REQUIRED WORK >> Output all of the data below without changing a word, and exclude the pictures.

(Items from a data source)
---
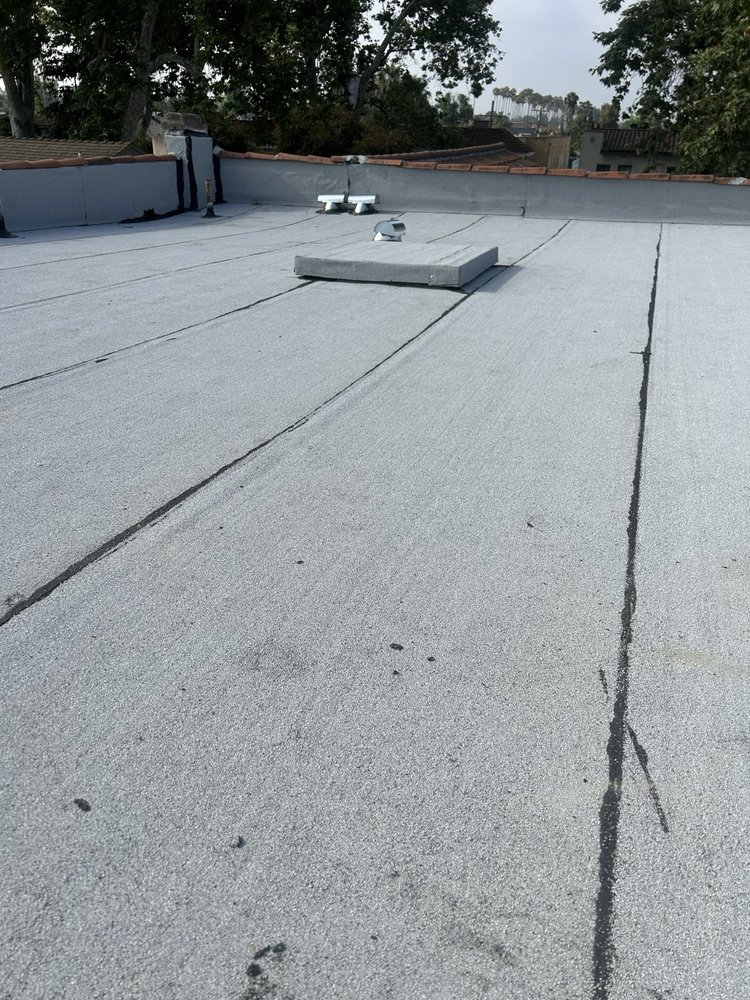 Slide of Penny Roofing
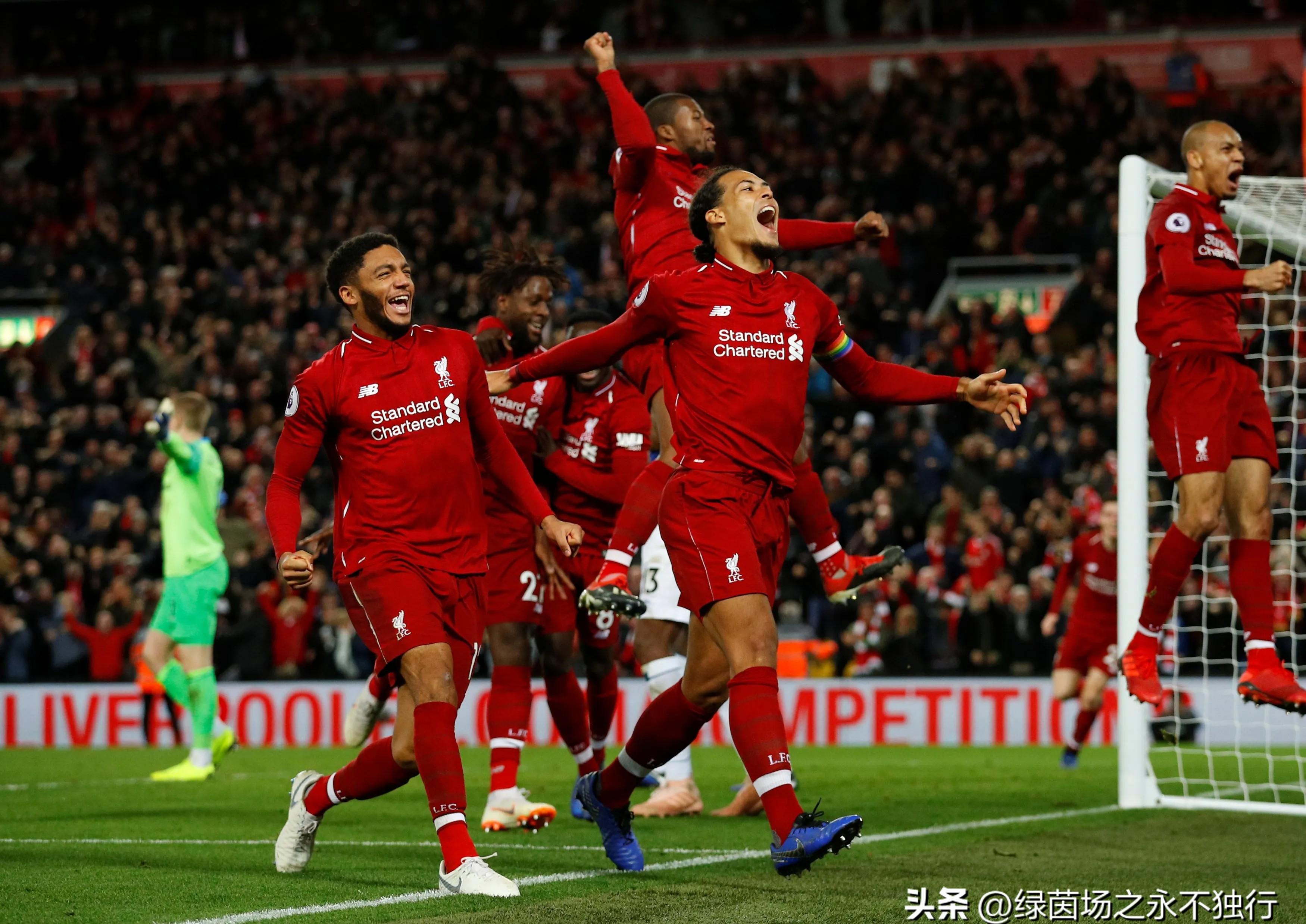 包含利物浦轻松取胜,欧冠淘汰赛晋级在望的词条 包含利物浦轻松取胜,欧冠淘汰赛晋级在望的词条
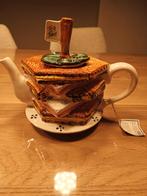 Theepot Tony Carter, Ophalen of Verzenden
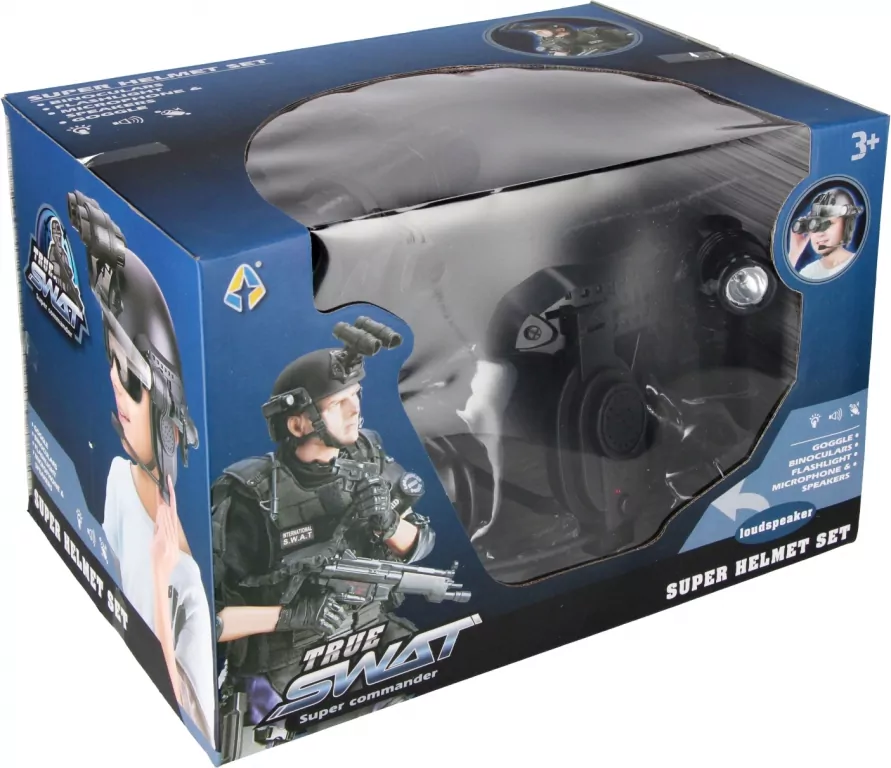 Zestaw policyjny - tantis.pl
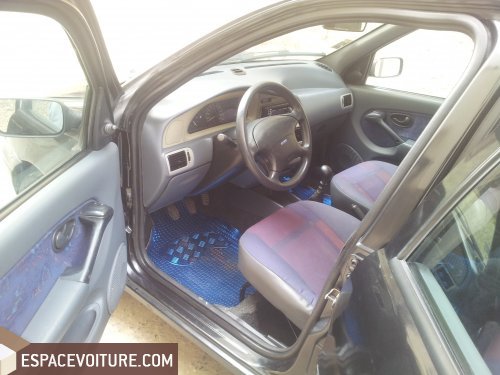 Palio Fiat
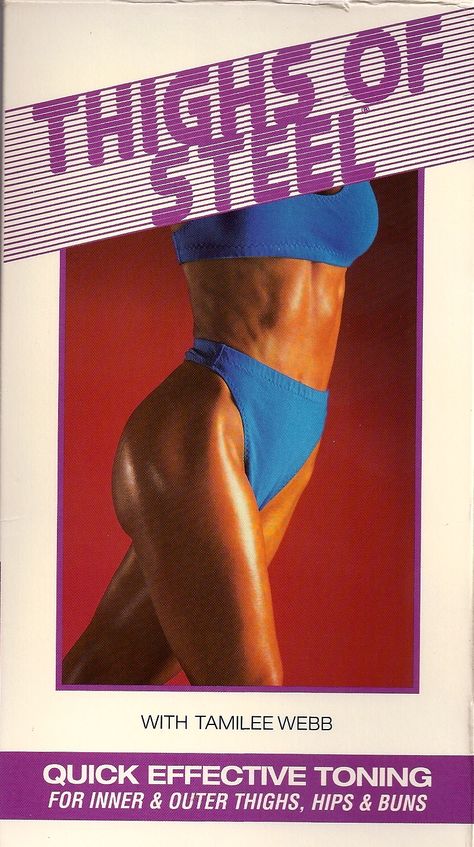 Thighs of Steel coming soon on DVD! Tamilee Webb, Buns Of Steel, Figure Drawing, Costume Ideas, Buns, Coming Soon, Dvd, Drawings, Movie Posters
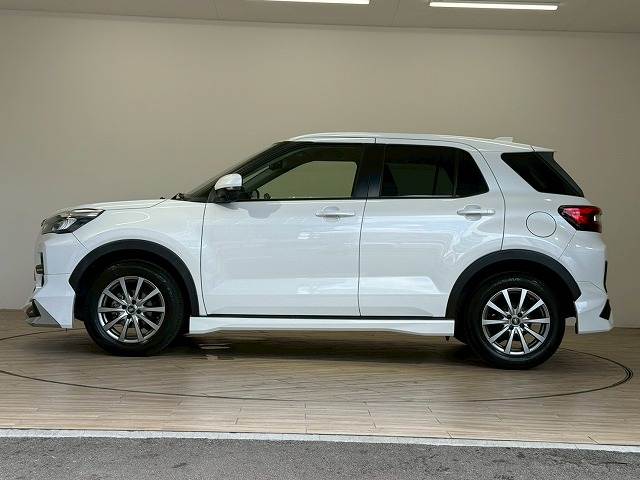 トヨタ ライズの画像17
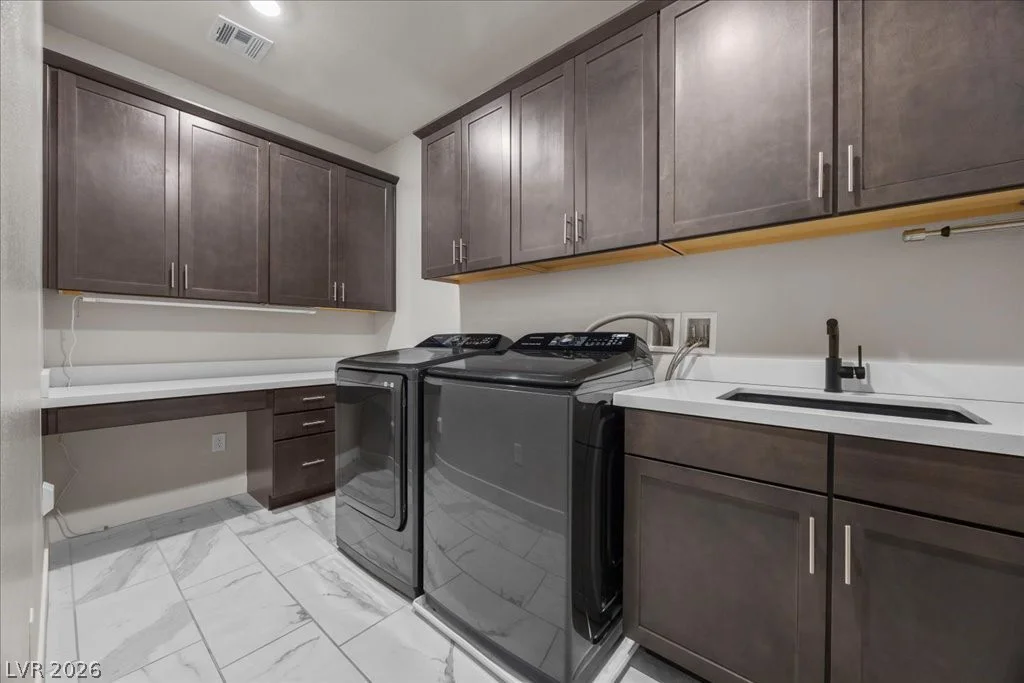 7638 Mount Spokane, Las Vegas, NV 89113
---
SOLUTION TO THIS PROBLEM >>
 Slide of Penny Roofing
 包含利物浦轻松取胜,欧冠淘汰赛晋级在望的词条 包含利物浦轻松取胜,欧冠淘汰赛晋级在望的词条
 Theepot Tony Carter, Ophalen of Verzenden
 Zestaw policyjny - tantis.pl
 Palio Fiat
 Thighs of Steel coming soon on DVD! Tamilee Webb, Buns Of Steel, Figure Drawing, Costume Ideas, Buns, Coming Soon, Dvd, Drawings, Movie Posters
 トヨタ ライズの画像17
 7638 Mount Spokane, Las Vegas, NV 89113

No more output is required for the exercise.